Sorry if it sounded empty, there is a reason why I didn't include examples. I'm not really saying "don't use libraries", more just that you should understand the problem first before looking for an easy solution. To be honest, I've done all my scraping in PHP/Perl over the years. Only recently have I started to look into other options such as Python and NodeJS (hence looking at this thread).

I don't claim that my scrapers are better off because they are written from scratch, but they do the job that I want them to do. If I find a target that has a "quirk" I write that into my classes to be used then and in later instances. The real point of doing it this way is more about knowing what the scrapper is doing, rather than what it might do. When you're scraping, you're walking a fine line. Targets may be fine with you doing it to them, but as soon as your scraper freaks out then starts hammering the site, you're in trouble (even worse if you end up doing damage to the target).

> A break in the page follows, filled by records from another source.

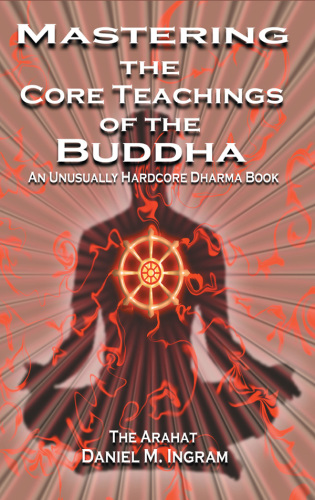 Mastering the core teachings of the Buddha: an unusually hardcore Dharma book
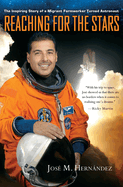 Reaching for the Stars: The Inspiring Story of a Migrant Farmworker Turned Astronaut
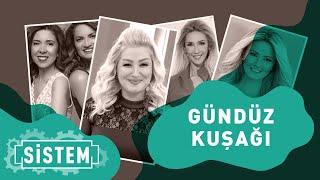 SİSTEM | Gündüz Kuşağı 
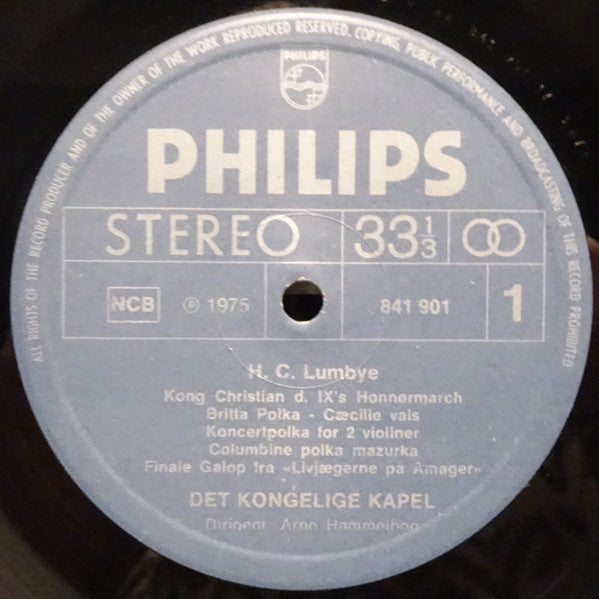 H.C. Lumbye - Det Kongelige Kapel Dirigent: Arne Hammelboe : H.C. Lumbye The Scandinavian Johann Strauss (LP)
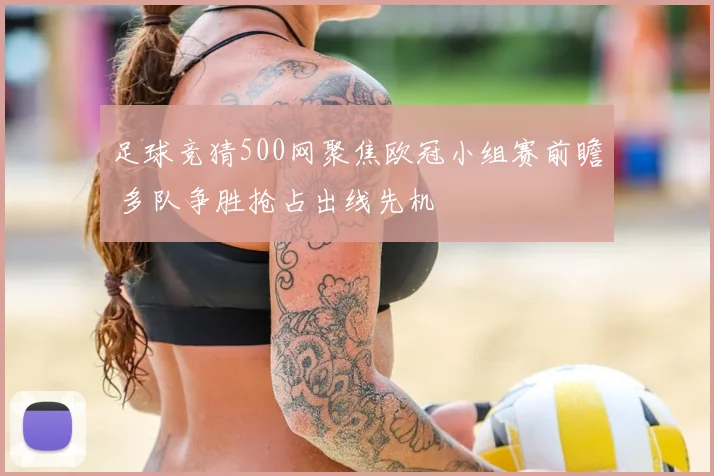 足球竞猜500网聚焦欧冠小组赛前瞻 多队争胜抢占出线先机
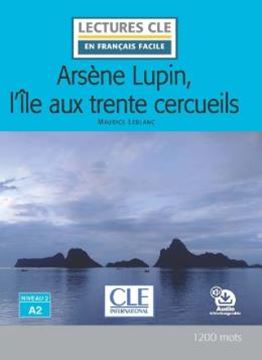 Imagem de ARSENE LUPIN, L´ILE AUX TRENTE CERCUEILS - NIVEAU A2 - LIVRE + AUDIO TELECHARGEABLE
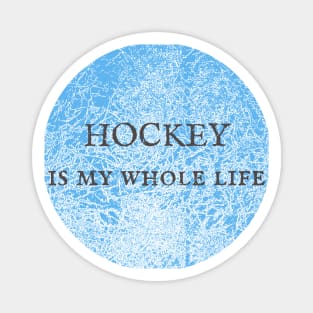 Hockey Is My Whole Life Magnet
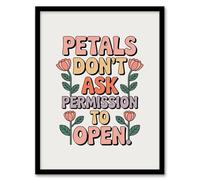 Artery8 Petals Don't Ask Permission To Open Retro Floral Typography Framed Wall Art Print 12x16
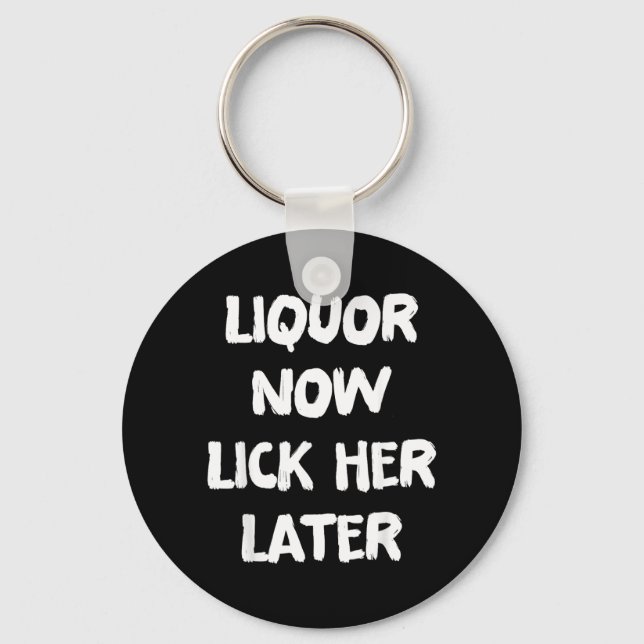 Liquor Lick Her Later Fun Drinking Bachelor Party Keychain (Front)
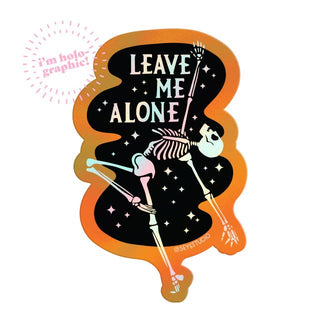 Leave Me Alone Skeleton Holographic Vinyl Sticker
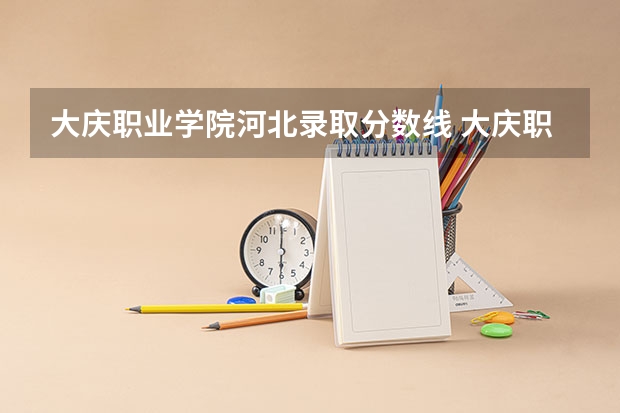 大庆职业学院河北录取分数线 大庆职业学院河北招生人数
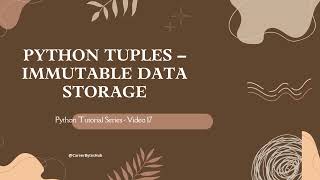 Python Tuples Explained | Immutable Data Storage vs Lists (Python Tutorial for Beginners)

I'm not saying that 3rd party libraries are prone to doing this, more so if you forget to set an option or handle an exception, you might screw yourself. If you wrote the scraper it's your own fault for not handling the issue properly. If you used a 3rd party library and the library bugged out causing the issue, you can't really go after the writers, right?

This all comes back to understanding your target, and to understand them, you need some form of knowledge on how it all works.

In response to your questions - I do a lot of things manually when setting up the scrapers. I don't import the data into any sort of DOM (due to watching memory), and in doing that I'm not really concerned about Encoding (for the record I'm generally dealing with UTF-8 and Shift_JIS only) or Broken HTML (I do a general check over the source to see if the layout has changed. If it has, it exits gracefully sending me update notifications on what changed, then puts itself out of action until I reset it. If it's a mission critical scraper, lets just say that I have a myriad of alerts that are sent to me). It's probably not the best way of doing things but it works for me.

Sorry if I was vague, I probably should have put some sort of rant-detection on my mouth. If I didn't answer something specifically, it's not that I was ignoring it, it probably just fell into the "I don't trust it so I don't use it" category. Again, not advocating that people shouldn't use 3rd party libraries, just that you should at least know what you are doing before you do.